Thank you for taking a look at the Simple Dashboarding offering. Before you sign up, please look through and accept these terms, which we have written as simply as legally possible.

 

If you do not agree to these terms, please do not use the service until you have contacted us for clarification or until you are satisfied that you can and do agree to these legally binding requirements. 


This notice was last updated on 30 October 2023.​

A. Introduction

These Terms apply to the Services provided by Symmatix - trading as Simple Dashboarding - and by using them you are agreeing to be personally bound by them.

In addition, where you are using the Services as a representative of another person (such as your company), you confirm you are fully authorised to accept these Terms on their behalf and are doing so.

If you or any person you are representing does not agree to these Terms, you are not authorised to use the Services and must immediately cease doing so.

We may change these Terms from time-to-time.  Any such changes will be communicated by posting a notice on our website or and/or emailing you in advance.  You are responsible for ensuring you are aware of our current Terms.  Any use of the Services after the effective date of changes shall be deemed to be agreement to be bound by the updated Terms.

 

These terms were last updated on 30 October 2023.

B. Interpretation

Words in the singular include the plural and vice-versa.

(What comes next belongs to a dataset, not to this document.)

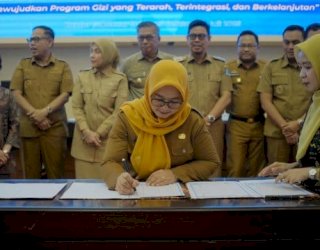 Lutim Siap Perkuat Program Gizi, Wabup Puspawati Hadiri Lokakarya se-Sulawesi Selatan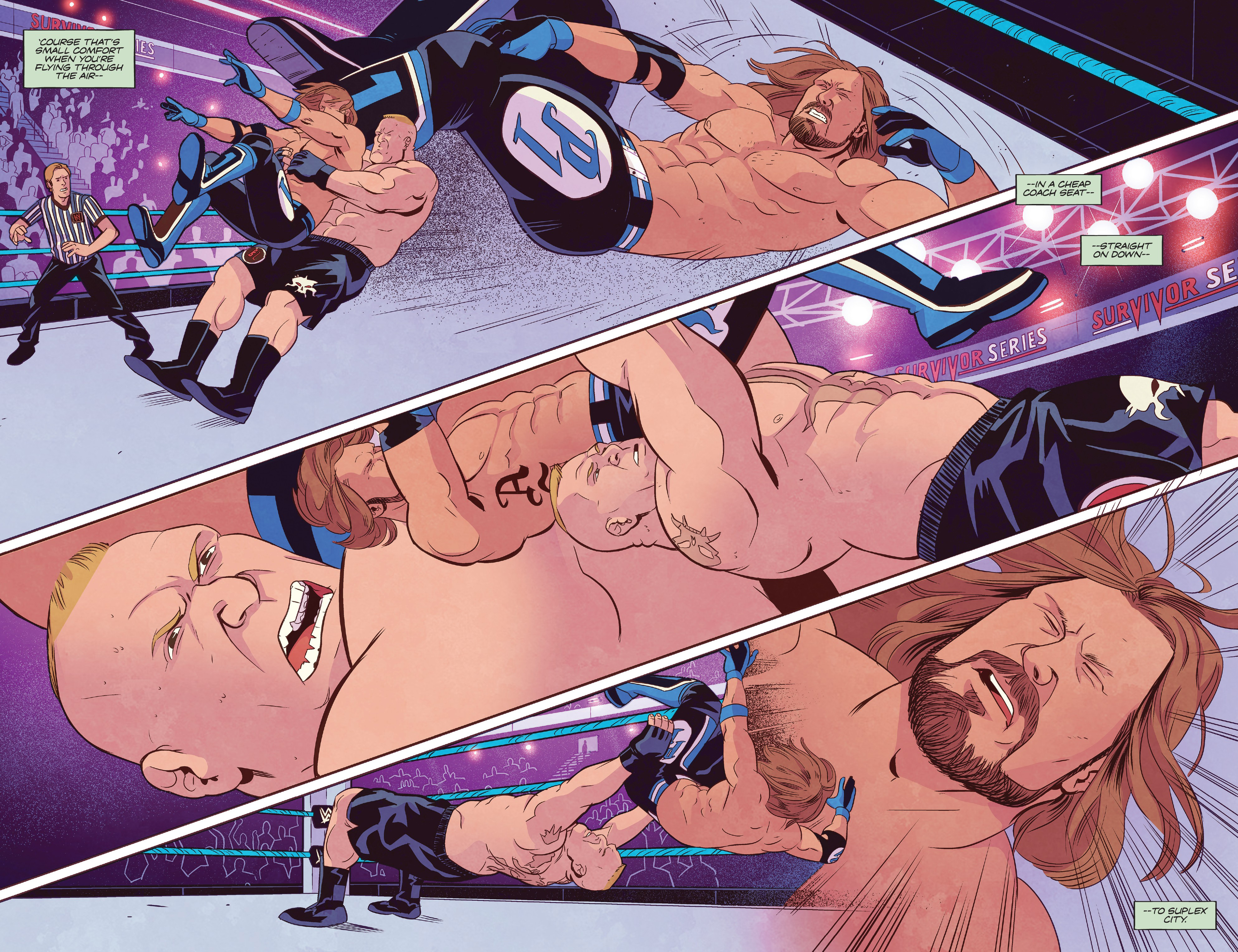 WWE (2017) issue 23 - Page 6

The following definitions apply:

 

Anonymised Analysis: The results of an analytical process that contain no information that can be directly attributed, or reasonably reverse engineered, to identify an individual person.


Confidential Information: Any information that is not public knowledge and that is obtained from the other party during, or in connection with, the provision and use of the Services.

 

End Date:The date at which the license you have acquired to use the Services in exchange for the Fees expires.

 

Fees: The applicable fees payable for use of the Services as set out on the pricing page of our Website or as otherwise agreed in writing between us, as may be updated from time-to-time.

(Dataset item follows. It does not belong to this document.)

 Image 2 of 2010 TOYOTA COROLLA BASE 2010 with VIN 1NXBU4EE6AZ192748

Force Majeure: Is an event that is beyond the reasonable control of a party providing that it could not have been avoided by a party making reasonable preparations.  It does not include circumstances based on a lack of funds.    

Information: All data, content, and information (including personal information) owned, held, used, or created by you or on your behalf that is stored using, or inputted into, the Services.

Intellectual Property: Includes copyright and all rights existing anywhere in the world conferred under statute, common law, or equity relating to inventions (including patents), registered and unregistered trade marks and designs, circuit layouts, data and databases, confidential information, know-how, and all other rights resulting from intellectual activity, including all enhancements, modifications or derivatives.

 

Objectionable: Includes being objectionable, defamatory, obscene, harassing, threatening, harmful, or unlawful in any way.

Services: The service or services having the core functionality described on the Website, as updated from time-to-time.

Start Date: The date at which the license you have acquired to use the Services in exchange for the Fees commences.

Terms: Refers to this document entitled “Symmatix Terms and Conditions of Use”

Underlying Systems: The software, IT solutions, systems, and networks used to provide the Services, including any third party solutions, systems, and networks.

 

We, us or our: Symmatix Limited, a New Zealand registered company, trading as Simple Dashboarding.

Website: www.symmatix.com, www.simpledashboarding.com or other such site as notified to you by us

You, your: Is you and any person on behalf of whom you are acting.

C. Provision of Services

1. We must use reasonable efforts to provide the Services:

a. in accordance with these Terms and all applicable laws and regulations

b. exercising reasonable care, skill, and diligence

c. using suitably skilled, experienced, and qualified staff.

d. Our provision of the Services is non-exclusive and nothing in these Terms prevents us from providing the Services to any other person.

 

2. We must use reasonable efforts to ensure the Services are always available, except in the following circumstances:

a. if we are undertaking scheduled maintenance or development activities that have been communicated in advance

b. in the event of a Force Majeure

c. where the reduction or suspension of the Services is due to the Underlying Systems or any other third party that our Services rely on.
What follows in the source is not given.